KATKIT (Katekese Sedikit) No. 250

Seri Liturgi
DOA-DOA BATIN

Syalom aleikhem.
Sewaktu imam melambungkan doa-doa presidensial (yang didoakan oleh imam sendirian) dalam Misa, umat wajib mendengarkannya dengan penuh perhatian. Siapa belum melakukannya? Mulai besok, cobalah lakukan supaya engkau mengamini doa yang benar-benar kauketahui isinya.

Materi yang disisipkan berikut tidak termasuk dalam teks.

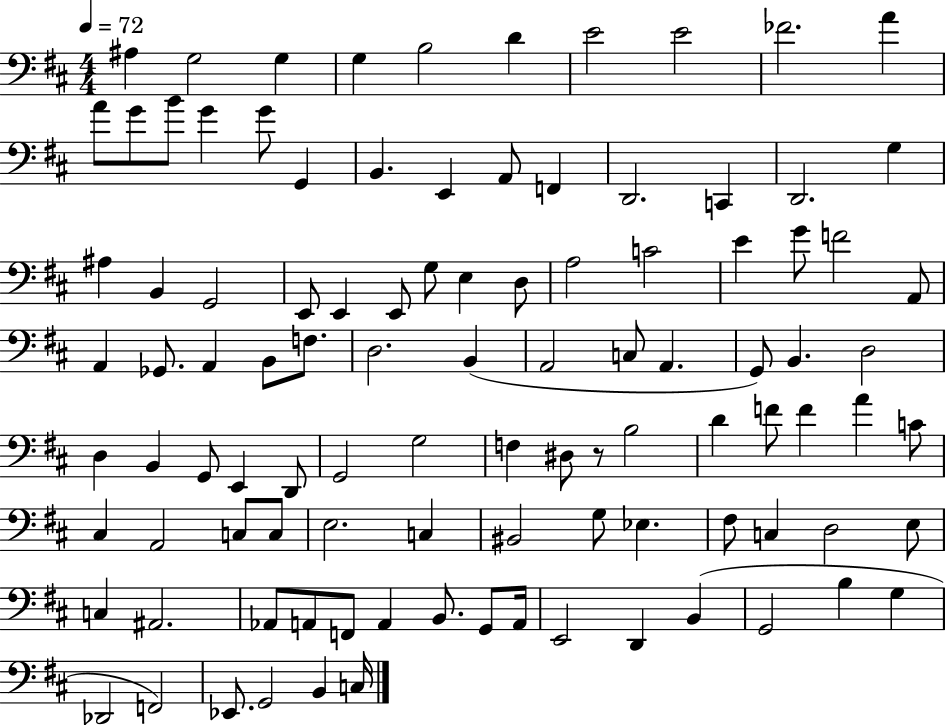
A#3/q G3/h G3/q G3/q B3/h D4/q E4/h E4/h FES4/h. A4/q A4/e G4/e B4/e G4/q G4/e G2/q B2/q. E2/q A2/e F2/q D2/h. C2/q D2/h. G3/q A#3/q B2/q G2/h E2/e E2/q E2/e G3/e E3/q D3/e A3/h C4/h E4/q G4/e F4/h A2/e A2/q Gb2/e. A2/q B2/e F3/e. D3/h. B2/q A2/h C3/e A2/q. G2/e B2/q. D3/h D3/q B2/q G2/e E2/q D2/e G2/h G3/h F3/q D#3/e R/e B3/h D4/q F4/e F4/q A4/q C4/e C#3/q A2/h C3/e C3/e E3/h. C3/q BIS2/h G3/e Eb3/q. F#3/e C3/q D3/h E3/e C3/q A#2/h. Ab2/e A2/e F2/e A2/q B2/e. G2/e A2/s E2/h D2/q B2/q G2/h B3/q G3/q Db2/h F2/h Eb2/e. G2/h B2/q C3/s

Agar umat tahu apa isi doa imam, suasana mesti hening. Tiada aktivitas lain pada saat itu. Doa lain juga jangan, apalagi nyanyian. Bahkan – catatan untuk pemusik – iringan alat musik pun jangan. Suara imam, entah berucap entah bernyanyi, harus clear, jelas dan terdengar kata demi kata. Iringan organ, apalagi yang terlampau keras, dapat menutup atau mengaburkan jelasnya kata-kata doa. Hal ini dicatat dalam PUMR no. 32. Ikutilah petunjuk ini.

Selanjutnya, PUMR no. 33 menulis bahwa ada kalanya imam berdoa batin untuk dirinya sendiri. Dalam adat liturgi Latin, doa semacam itu disebut secreta, didaraskan dalam hati saja atau bisik-bisik sangat lirih. Kapan? Sebelum pembacaan Injil, saat persiapan persembahan, juga sebelum dan sesudah komuni. Dalam ritus lama (Missa Forma Extraordinaria) doa semacam itu lebih banyak lagi.

Meski “peraturan” itu untuk imam, bagus juga umat “mencontoh” polanya. Artinya, adakanlah doa-doa singkat dalam hati pada saat-saat tertentu. Contoh, sebelum pembacaan Alkitab, katakan dalam hati: “Bersabdalah, ya Tuhan, hamba-Mu mendengarkan.” Anda bisa menyusun sendiri doa-doa batin semacam itu sesuai kebutuhan. Singkat saja, tapi terarah dan mengarahkan hati.